Sarıyer'deki 2 Villa Nasıl El Değiştirdi?
Ali Nuhoğlu’nun ifadelerine göre, İBB'nin iştiraki olan İSKİ’den alacaklarını tahsil etmek için Güllüce Tarım adlı şirketi kurarak 2 adet lüks villayı bu şirket üzerinden satın aldı. Ancak villalar, daha sonra İmamoğlu İnşaat'a devredildi. Bu süreçte devre dair sözleşmelerde çeşitli oynama ve eklemelerin yapıldığı, ödeme vaatlerinin yerine getirilmediği iddia edildi.
Nuhoğlu’nun ifadesinden dikkat çeken bölümlerden biri şöyle:
“İSKİ’de yaklaşık 500 milyon liralık alacağım bulunuyordu. Nakit sıkışıklığı nedeniyle bu alacaklarımı tahsil edebilmek adına 2 villayı üzerime aldım. Ancak tüm muhasebe ve vergi işlemleri İmamoğlu İnşaat tarafından yürütüldü.”
"Tadilatları Ben Karşıladım, Çekleri Onlar Verdi"

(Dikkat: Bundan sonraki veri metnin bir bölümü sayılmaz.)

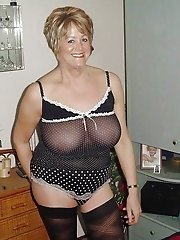 Older mom pussy xxx pictures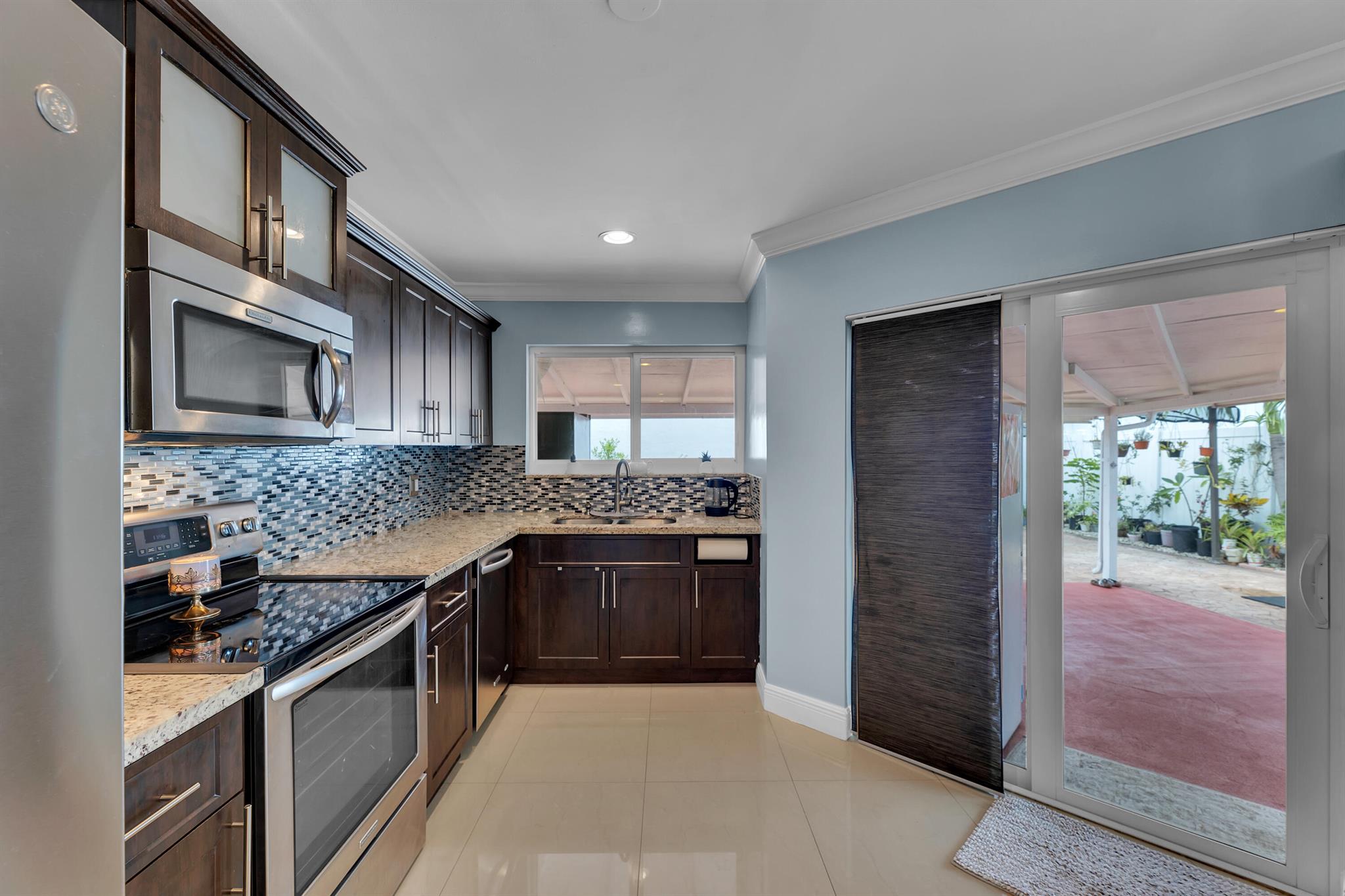 PEMBROKE LAKES SOUTH - Residential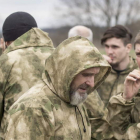 Prisioneros de guerra ucranianos después de un intercambio en un lugar no revelado. SECURITY SERVICE OF UKRAINE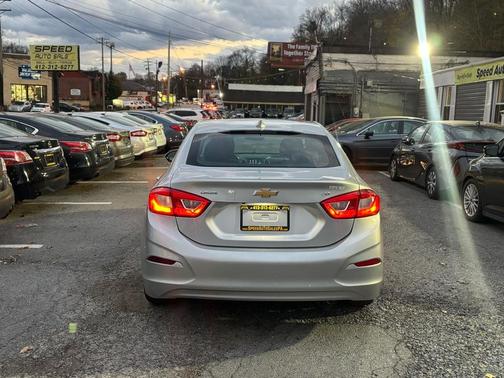 2016 Chevrolet Cruze LT Auto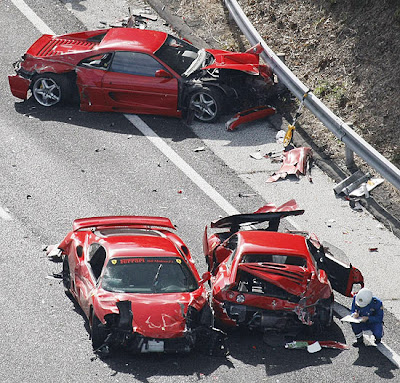 Acidente com Carros de luxo no Japão Acidente com Carros de luxo no Japão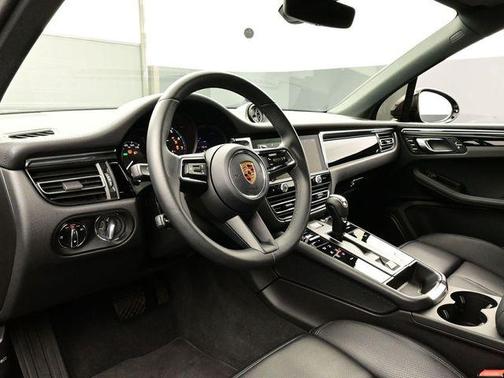 2025 Porsche Macan Macan
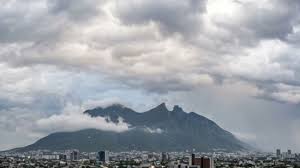 Lluvia se retrasa… pegará este lunes por la mañana en Monterrey
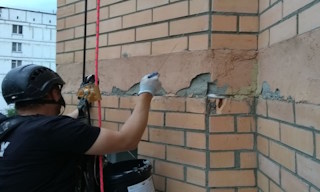 Обследование фасада здания в Балтийске в октябре
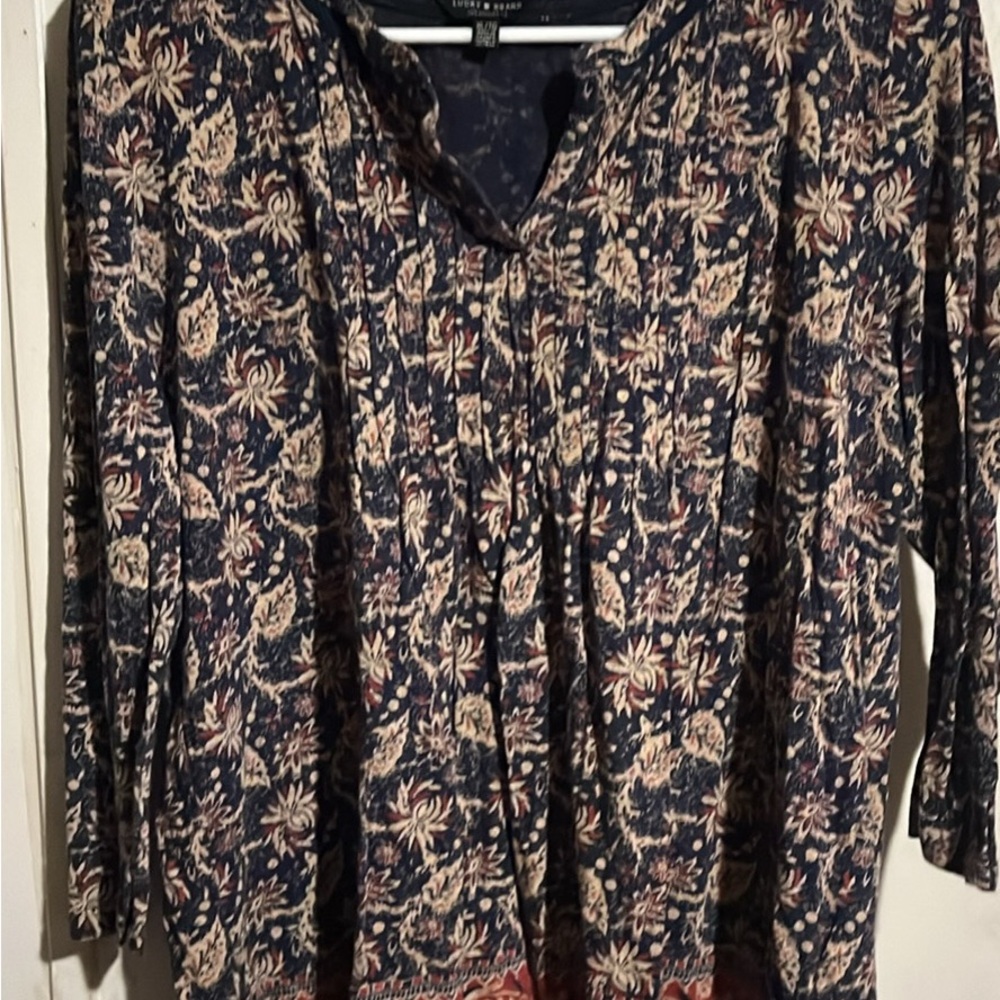 Floral Navy and Cream Women's TopLucky Brand 3/4 length sleeved, flowy tunic.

Villaların tadilat giderlerinin de kendisi tarafından karşılandığını belirten Nuhoğlu, bu masraflar karşılığında kendisine toplamda 15 milyon lira değerinde 3 adet çek verildiğini söyledi. Bu çeklerin, söz konusu tadilat harcamalarına karşılık olduğu bildirildi.
"Komisyon Vermemiz Zorunlu Hale Getirildi"
İBB ve İSKİ'den alınan ihalelerle ilgili ödemelerin zamanında yapılmaması üzerine, kendilerine komisyon verme şartı koşulduğunu da iddia eden Nuhoğlu, şu ifadeleri kullandı:
“Ödemelerimizi alabilmek için bizden belli bir yüzdeyle komisyon alınacağı belirtildi. Başta bunu kabul etmesem de maddi zorluk nedeniyle şartları kabul ettim. Bu ödeme trafiğini, İmamoğlu adına Fatih Keleş yürütüyordu.”
Milyon Dolarlar Poşetlerle Taşındı
Nuhoğlu, verdiği ek ifadede ise paraların nasıl ve kimler aracılığıyla taşındığını detaylarıyla anlattı. Kendi çalışanlarının, şirket kasasından veya bankadan aldıkları paraları poşetlerle teslim ettiğini belirten iş insanı, bu işlemlerle ilgili şu bilgileri verdi:
-
28 Temmuz - 9 Ağustos 2022 tarihleri arasında 4 seferde toplam 1 milyon 836 bin dolar, Florya’daki ofiste Zafer Keleş’e teslim edildi.
-
28 Mart, 2 Ağustos ve 21 Kasım 2024 tarihlerinde, A. isimli şahsa toplam 3 milyon dolar elden verildi.
"Bu Sistemi Paralarla Döndürdüler"
Nuhoğlu, kendisinden alınan paraların hangi amaçla kullanıldığını bilmediğini ancak sistemi bu paralarla döndürdüklerini düşündüğünü belirterek şunları söyledi:
“Bu yapı kendi içinde kurumsallaşmıştı. Belli aralıklarla yapılan bu ödemeler, sistemin sürekliliği için gerekiyordu. Paralar, hak edişlerle bağlantılı olarak gönderiliyordu.”
İddiaların Merkezindeki İsimler: Fatih Keleş ve Zafer Keleş
İfadelerde, ödeme trafiğini yönettiği iddia edilen Fatih Keleş ve paraları teslim alan kardeşi Zafer Keleş öne çıkan isimler arasında. Ödemelerin büyük kısmının dolar cinsinden yapıldığı ve belirli lokasyonlarda elden teslim edildiği kaydedildi.
İtirafların Arkası Gelecek mi?
Cezaevinde bulunan Ali Nuhoğlu, sağlık durumu ve şirket hesaplarına erişememesi nedeniyle tüm detayları şimdilik açıklayamadığını, ancak tahliyesi halinde belgeleriyle konuşacağını söyledi. Bu açıklama, soruşturmanın derinleşebileceği ve yeni delillerin gün yüzüne çıkabileceği beklentisini doğurdu.